Impeccable sound at each stage (two tents, two outdoor) upped the output from youth movement heroes including Alvin Risk, Datsik, Zedd and Dillon Francis, whose Saturday night show was one of the weekend’s best attended. Donning a suit and smiling for much of the set, Francis thrilled the hometown crowd with his signature moombahton before Zedd came onstage and wrapped the night in the OWSLA tent with a body vibrating showing that ended just as Skrillex got to work closing out the festival on the mainstage. This performance, classic Skrillex digital shit storm complete with vaguely nightmarish ADD-influenced visuals, sent the crowd into spasms of bass/noise-induced ecstasy from the front row all the way to the back of the park.

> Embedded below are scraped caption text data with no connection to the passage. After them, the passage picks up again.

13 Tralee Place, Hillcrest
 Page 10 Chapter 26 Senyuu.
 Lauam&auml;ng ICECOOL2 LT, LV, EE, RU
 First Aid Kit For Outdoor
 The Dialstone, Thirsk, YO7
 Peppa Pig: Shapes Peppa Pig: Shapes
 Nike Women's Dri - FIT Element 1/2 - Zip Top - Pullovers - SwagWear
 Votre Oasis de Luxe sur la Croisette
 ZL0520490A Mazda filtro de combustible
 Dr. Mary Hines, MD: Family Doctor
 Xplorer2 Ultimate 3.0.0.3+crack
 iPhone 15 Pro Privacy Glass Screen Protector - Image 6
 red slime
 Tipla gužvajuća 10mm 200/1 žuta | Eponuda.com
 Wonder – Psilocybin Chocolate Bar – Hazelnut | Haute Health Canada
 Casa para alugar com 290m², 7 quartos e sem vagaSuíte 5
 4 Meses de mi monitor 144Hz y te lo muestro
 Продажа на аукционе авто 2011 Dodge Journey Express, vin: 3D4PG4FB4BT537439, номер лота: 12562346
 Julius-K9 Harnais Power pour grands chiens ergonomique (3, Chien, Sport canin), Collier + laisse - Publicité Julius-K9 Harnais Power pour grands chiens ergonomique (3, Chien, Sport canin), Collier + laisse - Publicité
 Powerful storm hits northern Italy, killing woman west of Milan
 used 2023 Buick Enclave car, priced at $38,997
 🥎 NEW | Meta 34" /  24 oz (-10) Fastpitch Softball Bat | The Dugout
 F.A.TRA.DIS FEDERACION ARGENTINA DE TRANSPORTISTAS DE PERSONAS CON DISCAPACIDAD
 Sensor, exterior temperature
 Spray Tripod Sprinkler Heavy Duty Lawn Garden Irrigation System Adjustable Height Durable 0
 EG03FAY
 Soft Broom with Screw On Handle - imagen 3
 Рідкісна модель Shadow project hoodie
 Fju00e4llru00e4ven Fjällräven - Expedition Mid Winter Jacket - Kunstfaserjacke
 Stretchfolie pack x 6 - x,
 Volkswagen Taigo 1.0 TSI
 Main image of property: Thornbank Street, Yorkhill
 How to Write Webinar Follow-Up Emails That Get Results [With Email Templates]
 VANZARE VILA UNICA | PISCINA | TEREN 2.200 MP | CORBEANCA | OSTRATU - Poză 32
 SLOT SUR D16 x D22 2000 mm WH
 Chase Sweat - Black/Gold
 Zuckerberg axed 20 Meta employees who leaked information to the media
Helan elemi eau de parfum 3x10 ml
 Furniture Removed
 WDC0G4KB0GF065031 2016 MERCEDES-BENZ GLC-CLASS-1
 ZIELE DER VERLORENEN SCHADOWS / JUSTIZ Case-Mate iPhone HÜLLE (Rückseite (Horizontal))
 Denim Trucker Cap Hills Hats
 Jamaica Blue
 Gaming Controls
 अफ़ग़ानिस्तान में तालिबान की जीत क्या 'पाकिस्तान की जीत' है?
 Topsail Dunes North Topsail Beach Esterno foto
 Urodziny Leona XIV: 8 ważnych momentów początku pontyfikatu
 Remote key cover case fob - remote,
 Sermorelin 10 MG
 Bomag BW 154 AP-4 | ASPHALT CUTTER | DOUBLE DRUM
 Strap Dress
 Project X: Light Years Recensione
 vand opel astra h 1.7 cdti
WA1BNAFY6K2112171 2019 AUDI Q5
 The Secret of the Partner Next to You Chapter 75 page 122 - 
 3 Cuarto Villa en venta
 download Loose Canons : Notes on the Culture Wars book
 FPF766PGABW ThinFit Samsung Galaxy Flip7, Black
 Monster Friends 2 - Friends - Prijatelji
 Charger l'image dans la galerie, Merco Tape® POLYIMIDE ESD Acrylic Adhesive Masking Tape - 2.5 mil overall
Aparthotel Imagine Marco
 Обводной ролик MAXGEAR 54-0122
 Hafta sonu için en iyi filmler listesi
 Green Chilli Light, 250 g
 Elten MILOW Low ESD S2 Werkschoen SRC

No surprise there.
Other fest highlights included loud sound electro tinged rock from Miike Snow, a prolific set of chopped and screwed dub from AarabMuzik, the ever-infectious disco pop stylings of Chromeo, A-Trak, who closed the Fool’s Gold tent on Friday and threw down an early evening show the next day on the main stage, and a DJ set from a relaxed looking James Murphy.
Overall, the weekend’s vibe was tight without feeling totalitarian, fun, uncompromised in its coolness and fresh in terms of featuring the best of EDM’s new generation while maintaining the heavy as a brick dance sound style that has rightfully elevated HARD to a worldwide brand.